Just a few days before Russia once again carried out a massive missile attack across Ukraine on October 10, Danish documentary filmmaker Simon Lereng Wilmont was in Kyiv for the Ukrainian premiere of his latest film, “A House Made of Splinters.”

Without knowing that explosions would soon be sending Kyivans back to their shelters in subway stations, it felt good to meet his film’s protagonists again at the screening and share the project with them.

The documentary, shot over a year in 2019-2020, is set in Lysychansk, a strategically important city in the Luhansk Oblast in eastern Ukraine. It has been affected by the conflict since 2014, but it also became a centre of military battles in the summer of 2022.

Military clashes are not part of the story in “A House Made of Splinters.” Instead, it portrays children living in a temporary group foster home located in Lysychansk. But their fate is part of the larger story of war, with children facing neglect through the loss of family members in the conflict, or their parents’ alcoholism and mental illness resulting from war-related PTSD.
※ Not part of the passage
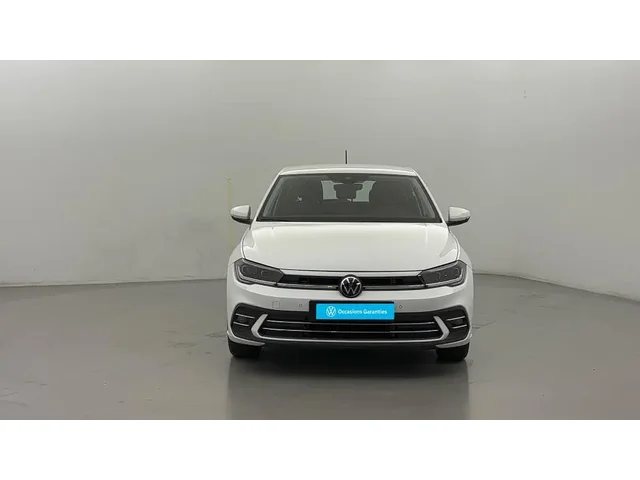 Occasion Volkswagen Polo à CHAMPNIERS chez Volkswagen Angouleme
“Obviously there were social issues in this region already before the war started in 2014, but with the war being in their back garden, so to speak, for so many years, the resources slowly got drained,” filmmaker Simon Lereng Wilmont tells DW. He added that joblessness and the lack of support from the state have led to a spiral of social issues, “And that’s the more invisible but no less forceful consequences of having the war so close to your civil society.”

“A House Made of Splinters” portrays children from these torn families as they land in the Lysychansk Centre in Eastern Ukraine, a shelter where they are taken care of for up to nine months while awaiting court custody decisions.

The documentary follows different children as they make friends in the shelter, wait for their parents to visit – they are often disappointed as the parents don’t show up – all while waiting for someone else to determine their fates.

Through their games and exchanges with the other children in the centre, the children indirectly reveal how, despite their young age, they already know way too much about substance abuse and domestic violence.

The women running the centre are also searching for long-term solutions for the children. For the lucky ones, a relative might accept to take them on, or a foster family might be found. But for the others, the overloaded state orphanage becomes the next home. An unexploded missile now stuck in the roof of the children’s shelter.

On February 24, the day of Russia’s full-scale invasion of Ukraine, the civil administration reacted very quickly and managed to get all the children from the shelter and Lysychansk state orphanage out of the area. They were brought to safety in the West; some of them even found refuge further into Europe later on, Wilmont reports.

Meanwhile, the area has been badly affected by bombing. Wilmont met members of the staff of the children’s home at the Kyiv premiere of the film, and they told him that a missile went through the roof of the living room of their shelter. But it didn’t explode. “So it’s just like stuck in the ceiling,” says Wilmont. “That gives you a really picturesque description of the situation right now.”